• [Problem statement]
Copy exactly the lines of the material below that fall between the line with "Open-plan living room" and the line with "Couple kissing while", both of those lines included; pictures stay out.

• [Data]
==================================================

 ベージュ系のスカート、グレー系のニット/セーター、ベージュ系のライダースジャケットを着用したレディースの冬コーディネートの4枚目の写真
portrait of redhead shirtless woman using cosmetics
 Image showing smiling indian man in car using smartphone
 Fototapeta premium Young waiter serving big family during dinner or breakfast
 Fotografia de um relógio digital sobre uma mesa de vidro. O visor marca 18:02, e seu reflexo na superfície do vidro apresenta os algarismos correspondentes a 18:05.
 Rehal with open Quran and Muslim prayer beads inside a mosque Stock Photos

==================================================

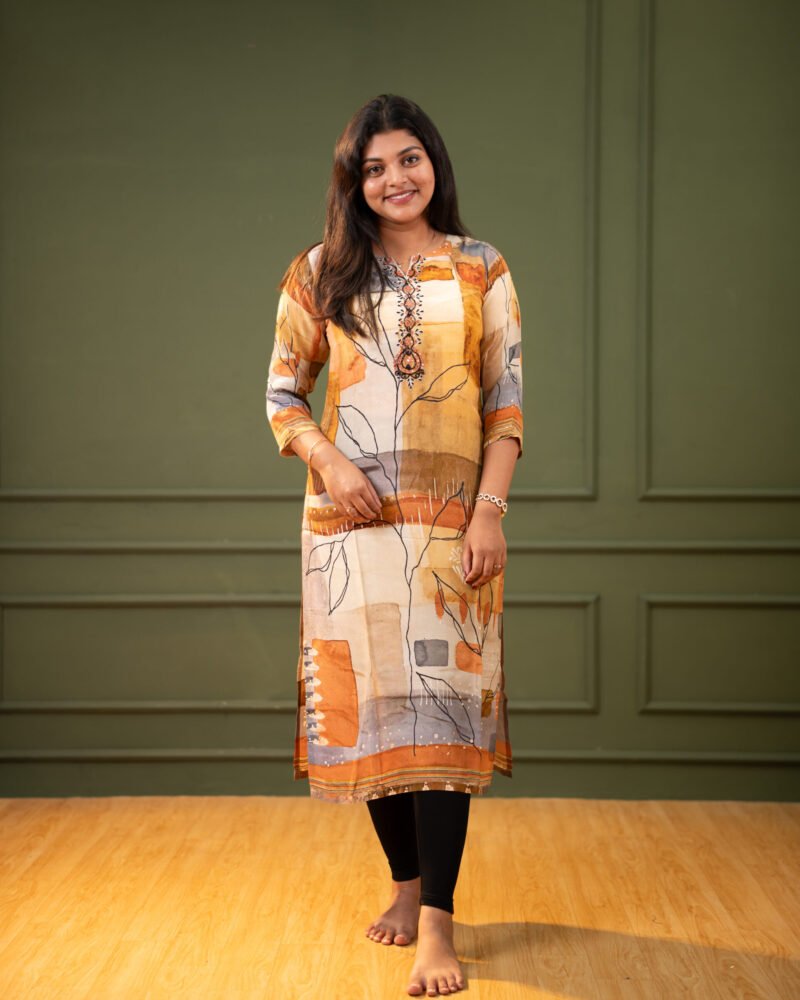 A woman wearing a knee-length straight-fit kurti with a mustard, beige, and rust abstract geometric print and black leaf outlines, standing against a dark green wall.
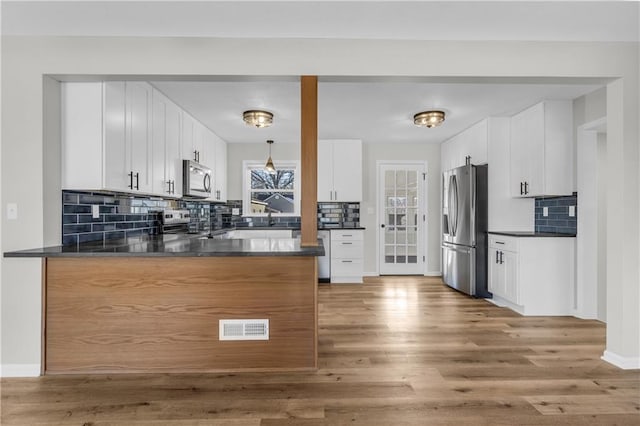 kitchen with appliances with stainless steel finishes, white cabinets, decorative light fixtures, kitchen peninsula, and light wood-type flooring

==================================================

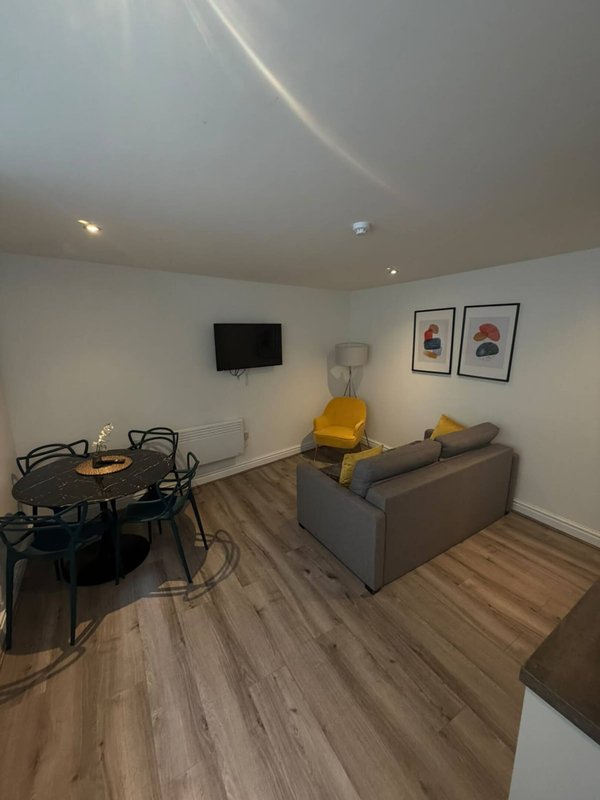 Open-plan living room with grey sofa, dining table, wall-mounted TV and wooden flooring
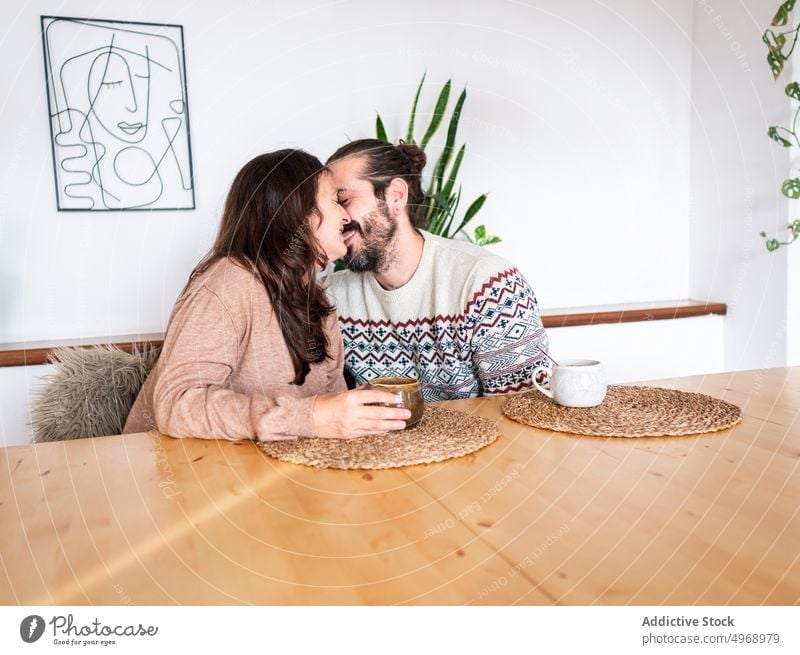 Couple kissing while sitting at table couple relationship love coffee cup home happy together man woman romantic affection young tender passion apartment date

==================================================

• [Solution]
 Open-plan living room with grey sofa, dining table, wall-mounted TV and wooden flooring
 Couple kissing while sitting at table couple relationship love coffee cup home happy together man woman romantic affection young tender passion apartment date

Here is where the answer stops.